In my last entry, I identified that information in the enterprise has a life cycle. To recap, this is the information life cycle:
It is possible to be a good “technical” DBA and to build inadequate databases. Many of the textbooks you will see concentrate on mind numbing theory, Codd’s rules etc. This theory is necessary, but it is not sufficient if you want to build good databases. I will assume that you know your basic theory, that you know about first, second, third and fourth normal form; and I will assume that you know how to read an ER diagram. My goal here is not to rehash what every database professional should already know, but to outline a commonsense approach to data that can be layered on top of this merely technical knowledge.

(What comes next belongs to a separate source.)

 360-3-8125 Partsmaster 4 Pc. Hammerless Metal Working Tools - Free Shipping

I cannot count the number of times a client has presented me with a list of fields that was prepared by a business analyst. The list usually included data types for each field, and it may also have included rules that apply to each field. In each case, the client expected me to accept this list and to start modeling a database right away. This is wrong! Wrong! Wrong! And, I will tell you why. I cannot list all the reasons, but I will list the few that correspond to my own personal best practices and ways of working.

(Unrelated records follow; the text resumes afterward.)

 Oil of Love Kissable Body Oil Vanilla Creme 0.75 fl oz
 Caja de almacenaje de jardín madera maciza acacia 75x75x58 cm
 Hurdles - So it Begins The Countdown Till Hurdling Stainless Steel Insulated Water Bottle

To be frank, I have never found the list of fields to be correct. I often find fields omitted, and I also find that some of the specified fields are unnecessary. Over time, I also find that some of the fields in the dictionary are poorly named – the rest of the enterprise is often in the habit of referring to some of the fields the business analyst provided by completely different names. Listing fields is the wrong way to start. It often turns out that the list was assembled by a committee – it is useful, but you owe it to your client to question it. All I can do at this stage is outline the practices I employ to determine the correctness of the so-called data dictionary.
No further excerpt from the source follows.